Reflections from the field: intensive disaster relief courses inspire service

By Luke Addison, member of the Rotaract Club of University of Winchester, England and Rotaract Multi-District Contact for RIBI

I first heard about ShelterBox in 2013. I had just become the President of the University of Winchester Rotaract Club and was working with several friends to get the group involved in local and international projects. We were, and are still to this day, very lucky to have the support of the Winchester Rotary Club in all that we do. Their club allowed our members to engage with their projects and therefore create some great connections. There was a particular Rotarian who had spoken with me about ShelterBox and the work they did and suggested we raise funds for them. In just a few days we were at Winchester University at 7:00 AM putting up a ShelterBox tent and then standing alongside it for several hours.

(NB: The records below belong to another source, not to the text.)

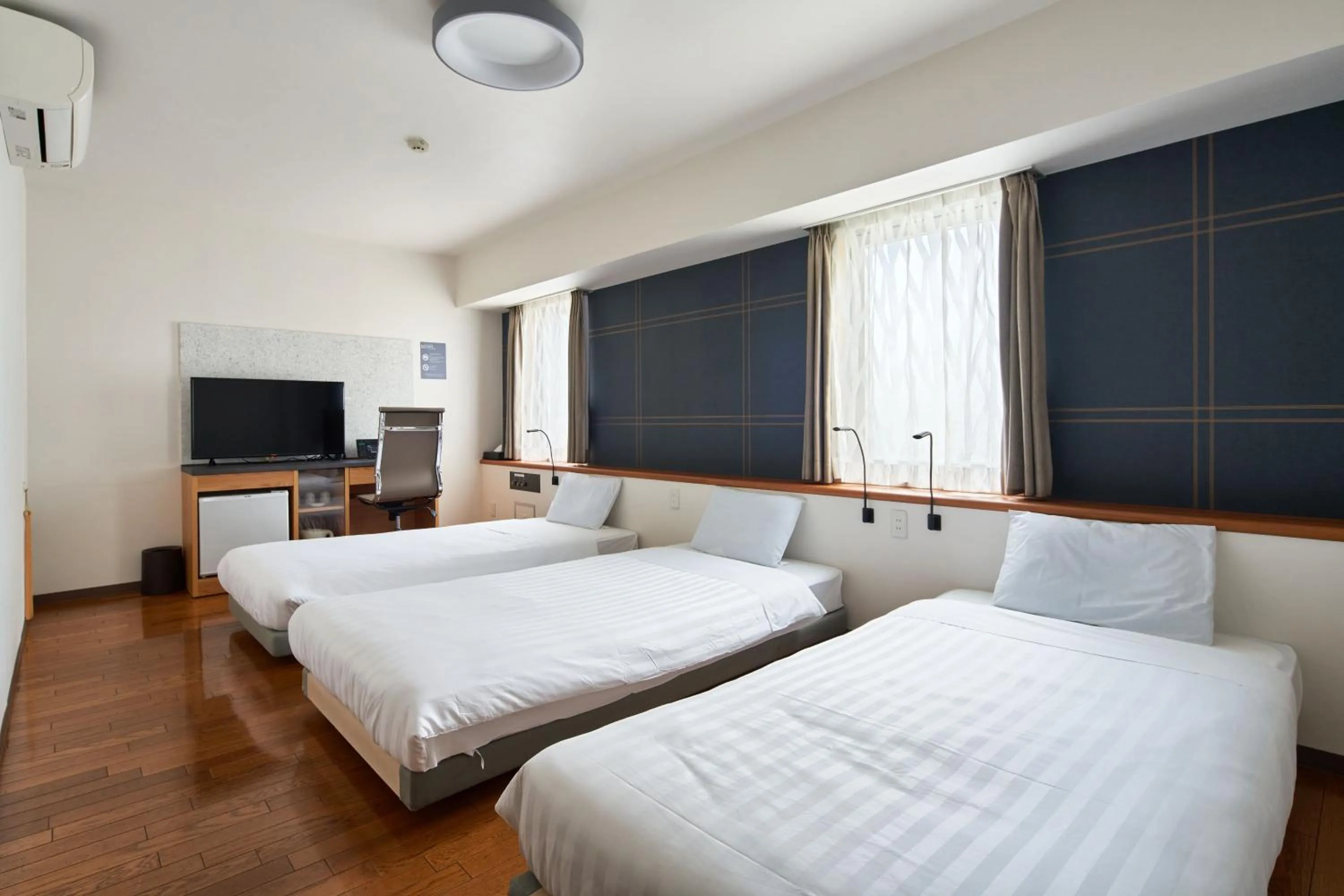 Triple Room - Non-Smoking - No Cleaning for Consecutive Night Stays in TOKIO's HOTEL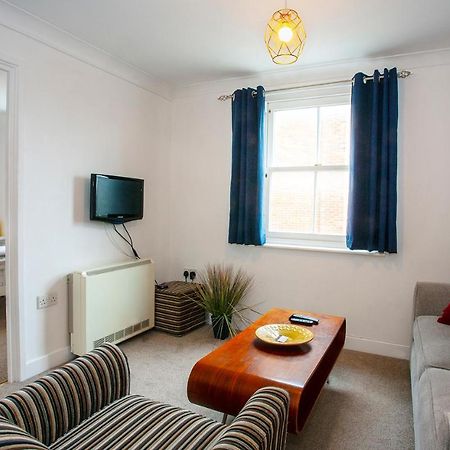 The Spires - Cosy Apartment Just Outside Of City Centre كانتربيري المظهر الخارجي الصورة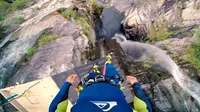 Seorang pemberani memecahkan rekor dunia lompat tebing dari puncak air terjun Cascata del Salto.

In the past few years since working closer with Rotaract and Rotary on an international level, as well as being involved in many diverse projects and with many organisations across the globe, my interests and drive for what I want to achieve sit very much in the humanitarian sector.

One morning I received an email inviting me to the three-day Understanding ShelterBox Operations course, and there was no way I could turn this down. I replied without hesitation and several weeks later, found myself packing a bag and booking a ten-hour coach journey to Truro! After arriving at the ShelterBox Headquarters, I was extremely early and one of the team members must have taken pity on me and invited me in from the cold. The course didn’t begin until noon, but I was met by Alex Youlten and several other staff who offered to show me around and gave me a great introduction to ShelterBox. Along the tour, we were invited into an actual operations meeting which was taking place in a board room and involved the whole team looking at where ShelterBoxes and other ShelterBox aid were currently being deployed, and also talking much about international affairs of the world… I was hooked and I hadn’t even started the course yet!

After meeting the rest of the course participants, we boarded a minibus and headed towards the training camp. We opened with a briefing about the organisation and then went straight into setting up three tents outside. These would be our accommodations for the next few nights!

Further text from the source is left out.